Nightingale hospital in Preston to be shut down after seven months despite Covid rates increasing
Preston's Nightingale hospital is being shut down despite concerns that Covid rates are increasing.
When the North West was the epicentre of the Omicron wave in October 2021, contractors were able to build the unit in the car park at the Royal Preston Hospital in just over two weeks.
Staff say it has been one of the most well-used Nightingale Hospitals in the country.
Sister Tisha Bradley says it was tough but it did make a difference.
She said: "We had no staffing and to have a ward of 50 patients, it's massive - it's a lot bigger than the wards in the hospital.
"The environment, it's not a normal environment. We're in a tent, the ceilings are black, there are no windows - it's very tough."
But at the same time as the closure NHS Trusts across the North West are reporting increases in Covid hospitalisations of between 50 and 200% in recent weeks.
A total of 58 covid patients are currently being treated at the hospital for Covid, a sharp increase on the previous week.
The structure was part of the government's contingency plans to deal with Covid cases but as rates came down, the trust's chief executive fought to keep it open to deal with wider NHS pressures. Kevin McGee, CEO of Lancashire Teaching Hospitals NHS Foundation Trust said: "It gives us 50 additional beds that we can use to support cancer recovery, support elective surgery and we can cope with the spikes of winter pressures.
"I'm sad to see it go but I do think we need to get back to normal."
The Nightingale hub cost over a million pounds to build and most of the equipment will be used in other parts of the NHS trust, including some beds being sent to Chorley Hospital.

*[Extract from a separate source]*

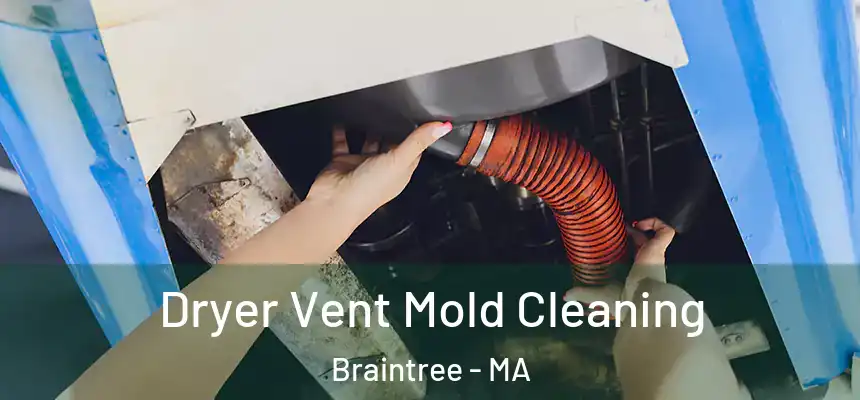  Dryer Vent Mold Cleaning Braintree - MA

But there is concern that with a rise in cases, dismantling the unit may be premature.
But Anne Kirkham, who ran the Nightingale facility, says the time is right.
Most of the beds have already been moved to Chorley hospital where a new surgical ward and three new operating theatres will open at the beginning of July.
But staff know that such a facility can be built quickly should the need arise.